WORK TO BE COMPLETED:
Pictures are to be omitted; everything else in the data must be transcribed exactly.

PROVIDED DATA:
****************************************

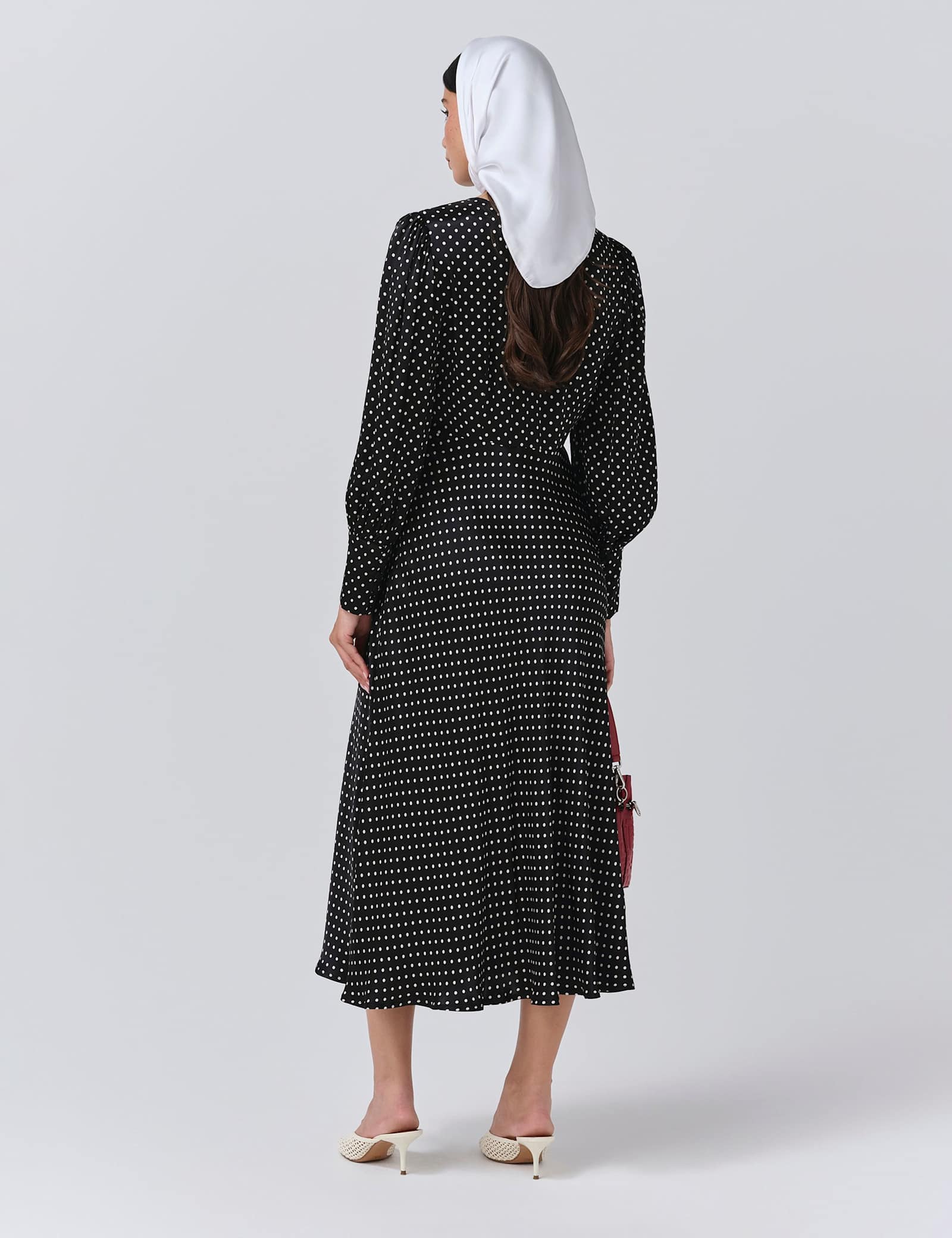 Satin Polka Dot Midaxi Skater Dress - image 5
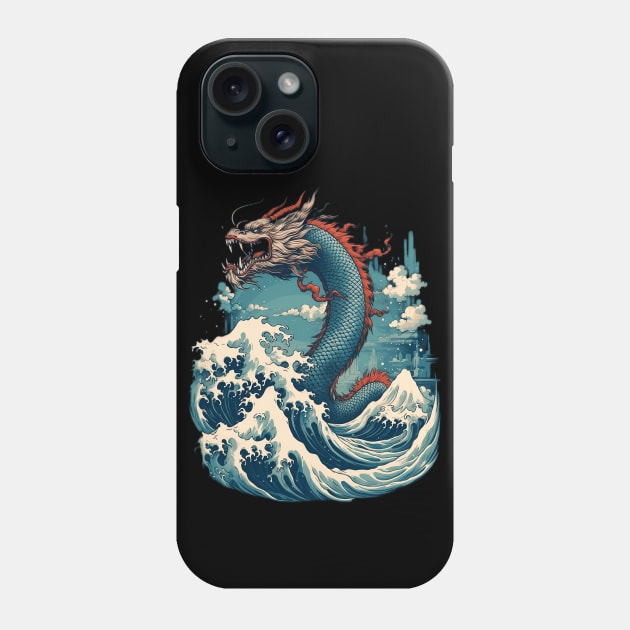 Japanese Epic Sea Dragon Phone Case by PlayfulPrints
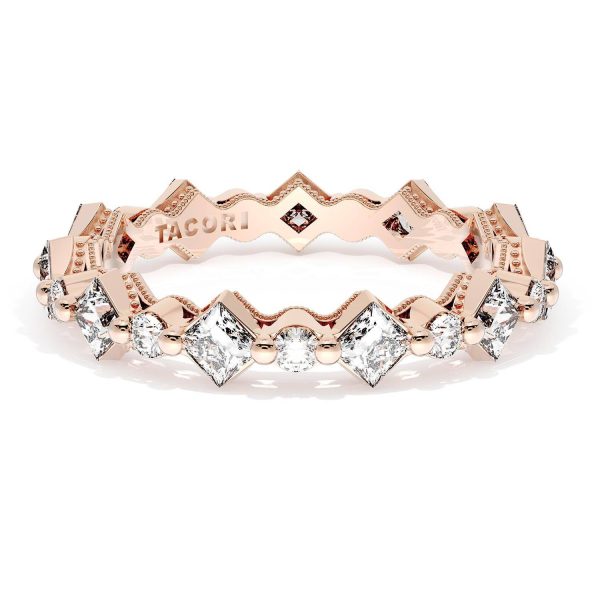 Carré and Round Diamond Wedding Band, 4.00mm
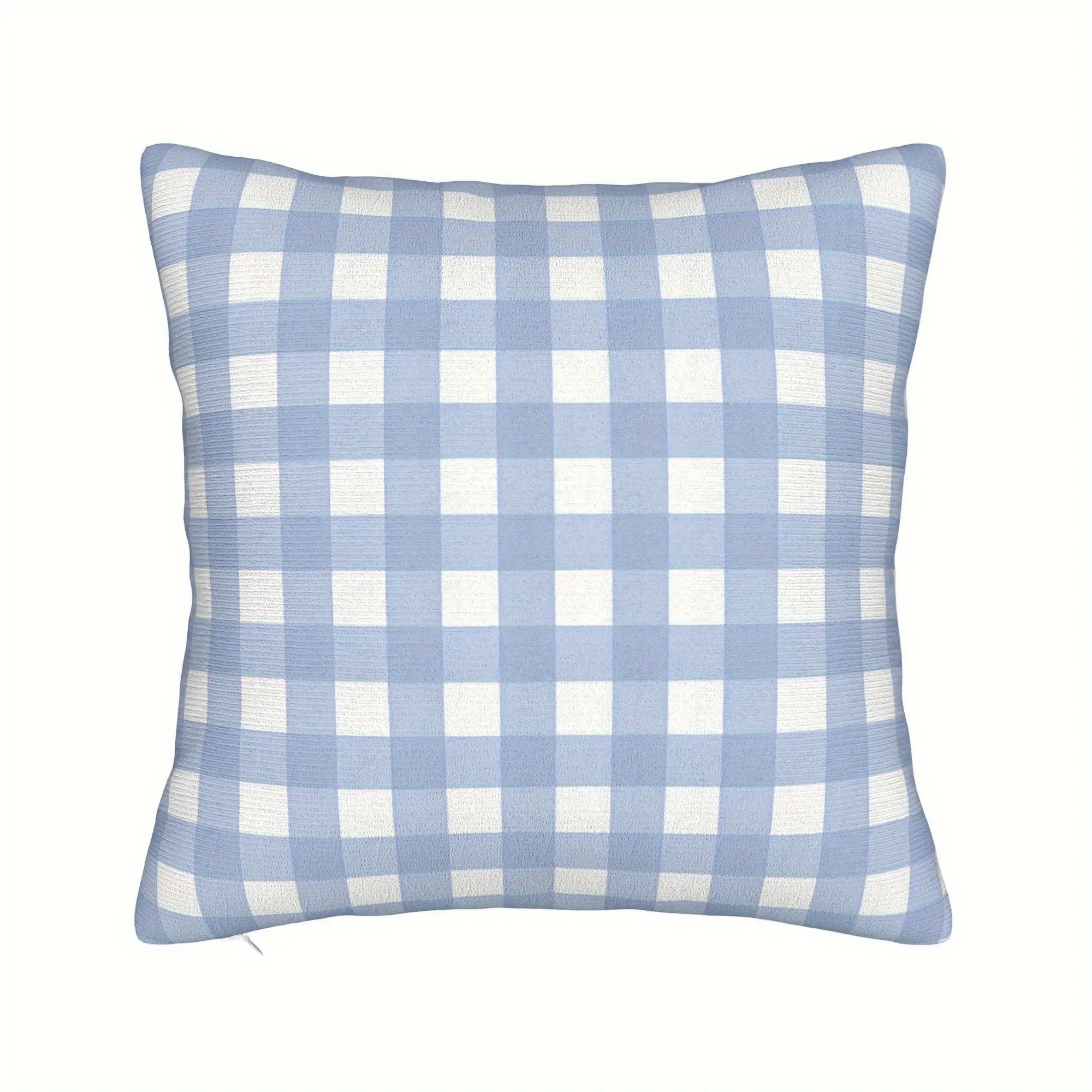 TEMU 1pc Sky Blue& White Gingham Check Decorative Pillow Cover- Soft Durable Hand Washing Zipper Closure, No Insert Included, Checkered Pattern For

****************************************

EXERCISE RESULT:
 Satin Polka Dot Midaxi Skater Dress - image 5
 Japanese Epic Sea Dragon Phone Case by PlayfulPrints
 Carré and Round Diamond Wedding Band, 4.00mm
 TEMU 1pc Sky Blue& White Gingham Check Decorative Pillow Cover- Soft Durable Hand Washing Zipper Closure, No Insert Included, Checkered Pattern For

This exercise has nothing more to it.